- _TASK TO COMPLETE_
Retype, character for character, the line containing "Calm Your Mitts" along with each line after it through the end of the data, and only those.

- _INPUT MATERIAL_

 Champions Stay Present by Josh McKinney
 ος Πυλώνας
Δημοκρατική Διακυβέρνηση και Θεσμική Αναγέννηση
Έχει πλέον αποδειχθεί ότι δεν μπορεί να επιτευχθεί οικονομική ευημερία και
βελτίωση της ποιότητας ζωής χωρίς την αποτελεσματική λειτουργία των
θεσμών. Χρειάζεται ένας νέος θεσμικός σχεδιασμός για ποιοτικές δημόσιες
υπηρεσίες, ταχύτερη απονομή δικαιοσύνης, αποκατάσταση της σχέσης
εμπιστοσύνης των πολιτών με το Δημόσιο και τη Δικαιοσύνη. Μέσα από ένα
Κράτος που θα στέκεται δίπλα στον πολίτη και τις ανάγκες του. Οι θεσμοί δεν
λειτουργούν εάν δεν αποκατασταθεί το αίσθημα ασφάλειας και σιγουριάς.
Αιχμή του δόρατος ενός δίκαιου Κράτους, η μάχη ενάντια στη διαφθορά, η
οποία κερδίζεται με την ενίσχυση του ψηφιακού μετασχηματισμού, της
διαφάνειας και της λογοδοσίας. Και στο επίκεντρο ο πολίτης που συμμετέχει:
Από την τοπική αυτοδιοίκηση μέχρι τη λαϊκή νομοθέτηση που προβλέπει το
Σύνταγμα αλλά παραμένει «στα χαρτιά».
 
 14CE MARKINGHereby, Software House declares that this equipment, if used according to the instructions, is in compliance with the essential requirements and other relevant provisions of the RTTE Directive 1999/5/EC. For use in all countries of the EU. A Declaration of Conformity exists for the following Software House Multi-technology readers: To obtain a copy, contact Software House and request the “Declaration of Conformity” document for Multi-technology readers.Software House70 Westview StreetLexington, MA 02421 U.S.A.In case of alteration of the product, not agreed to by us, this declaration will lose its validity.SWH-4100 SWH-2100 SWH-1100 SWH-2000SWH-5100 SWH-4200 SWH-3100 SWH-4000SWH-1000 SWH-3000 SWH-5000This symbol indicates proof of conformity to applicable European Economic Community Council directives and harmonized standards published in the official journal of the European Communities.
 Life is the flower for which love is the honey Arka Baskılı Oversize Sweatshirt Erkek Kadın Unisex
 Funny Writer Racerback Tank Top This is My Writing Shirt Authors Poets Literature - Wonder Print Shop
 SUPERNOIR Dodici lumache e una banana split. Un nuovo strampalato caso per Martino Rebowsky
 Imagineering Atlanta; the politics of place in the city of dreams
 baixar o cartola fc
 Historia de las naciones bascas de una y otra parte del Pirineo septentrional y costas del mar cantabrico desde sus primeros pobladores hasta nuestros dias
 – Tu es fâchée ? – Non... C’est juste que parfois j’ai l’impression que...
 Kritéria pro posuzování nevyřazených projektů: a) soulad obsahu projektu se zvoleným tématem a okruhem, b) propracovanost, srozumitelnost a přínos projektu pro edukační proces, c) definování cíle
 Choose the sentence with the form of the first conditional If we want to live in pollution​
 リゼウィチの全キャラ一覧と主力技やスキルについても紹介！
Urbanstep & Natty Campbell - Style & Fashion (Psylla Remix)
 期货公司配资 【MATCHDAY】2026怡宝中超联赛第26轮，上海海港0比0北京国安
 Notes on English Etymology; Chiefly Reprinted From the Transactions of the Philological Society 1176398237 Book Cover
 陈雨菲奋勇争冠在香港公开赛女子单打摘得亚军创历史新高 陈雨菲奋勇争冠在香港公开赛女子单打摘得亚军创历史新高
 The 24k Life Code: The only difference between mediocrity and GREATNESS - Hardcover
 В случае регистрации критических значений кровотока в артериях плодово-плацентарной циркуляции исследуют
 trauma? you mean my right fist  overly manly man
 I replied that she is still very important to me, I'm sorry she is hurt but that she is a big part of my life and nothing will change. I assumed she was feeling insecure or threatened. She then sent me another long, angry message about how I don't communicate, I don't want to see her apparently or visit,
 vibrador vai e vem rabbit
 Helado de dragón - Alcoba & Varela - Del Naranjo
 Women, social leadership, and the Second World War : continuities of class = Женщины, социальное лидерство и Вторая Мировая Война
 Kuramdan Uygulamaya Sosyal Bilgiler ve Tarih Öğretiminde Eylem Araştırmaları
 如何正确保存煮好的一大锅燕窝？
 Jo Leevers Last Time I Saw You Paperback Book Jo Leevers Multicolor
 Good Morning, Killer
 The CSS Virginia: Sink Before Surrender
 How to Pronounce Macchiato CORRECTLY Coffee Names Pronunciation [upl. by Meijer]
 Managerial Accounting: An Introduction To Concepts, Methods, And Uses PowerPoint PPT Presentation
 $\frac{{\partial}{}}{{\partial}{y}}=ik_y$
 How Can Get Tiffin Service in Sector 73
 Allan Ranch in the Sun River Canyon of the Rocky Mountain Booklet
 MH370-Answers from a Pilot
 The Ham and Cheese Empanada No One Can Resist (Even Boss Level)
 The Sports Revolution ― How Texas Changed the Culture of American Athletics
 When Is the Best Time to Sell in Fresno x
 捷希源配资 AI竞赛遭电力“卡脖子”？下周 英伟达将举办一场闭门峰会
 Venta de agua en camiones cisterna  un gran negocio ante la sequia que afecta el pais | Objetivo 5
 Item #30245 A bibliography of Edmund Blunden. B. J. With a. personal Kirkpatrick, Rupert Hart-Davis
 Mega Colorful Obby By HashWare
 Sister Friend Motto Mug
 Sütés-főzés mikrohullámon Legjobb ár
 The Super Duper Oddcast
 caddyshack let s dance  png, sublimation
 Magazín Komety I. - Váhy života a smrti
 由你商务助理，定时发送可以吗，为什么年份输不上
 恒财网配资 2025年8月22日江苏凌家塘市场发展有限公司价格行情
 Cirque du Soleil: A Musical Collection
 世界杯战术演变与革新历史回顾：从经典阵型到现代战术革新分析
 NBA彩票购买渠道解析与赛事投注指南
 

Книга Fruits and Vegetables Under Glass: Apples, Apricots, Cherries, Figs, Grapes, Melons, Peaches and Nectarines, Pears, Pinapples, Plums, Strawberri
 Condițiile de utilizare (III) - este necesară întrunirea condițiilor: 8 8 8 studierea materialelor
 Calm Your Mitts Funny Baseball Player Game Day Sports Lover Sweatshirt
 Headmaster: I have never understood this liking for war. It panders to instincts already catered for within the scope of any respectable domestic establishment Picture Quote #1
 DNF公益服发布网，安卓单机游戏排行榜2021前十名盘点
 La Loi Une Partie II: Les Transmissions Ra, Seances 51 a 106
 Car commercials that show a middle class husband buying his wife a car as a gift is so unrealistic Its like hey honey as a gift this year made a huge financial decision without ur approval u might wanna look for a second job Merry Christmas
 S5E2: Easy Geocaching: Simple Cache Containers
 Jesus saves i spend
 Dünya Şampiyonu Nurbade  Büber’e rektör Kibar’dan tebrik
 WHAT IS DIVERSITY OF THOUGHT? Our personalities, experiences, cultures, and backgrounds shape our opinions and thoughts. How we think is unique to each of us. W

- _REPLY TO THE EXERCISE_
 Calm Your Mitts Funny Baseball Player Game Day Sports Lover Sweatshirt
 Headmaster: I have never understood this liking for war. It panders to instincts already catered for within the scope of any respectable domestic establishment Picture Quote #1
 DNF公益服发布网，安卓单机游戏排行榜2021前十名盘点
 La Loi Une Partie II: Les Transmissions Ra, Seances 51 a 106
 Car commercials that show a middle class husband buying his wife a car as a gift is so unrealistic Its like hey honey as a gift this year made a huge financial decision without ur approval u might wanna look for a second job Merry Christmas
 S5E2: Easy Geocaching: Simple Cache Containers
 Jesus saves i spend
 Dünya Şampiyonu Nurbade  Büber’e rektör Kibar’dan tebrik
 WHAT IS DIVERSITY OF THOUGHT? Our personalities, experiences, cultures, and backgrounds shape our opinions and thoughts. How we think is unique to each of us. W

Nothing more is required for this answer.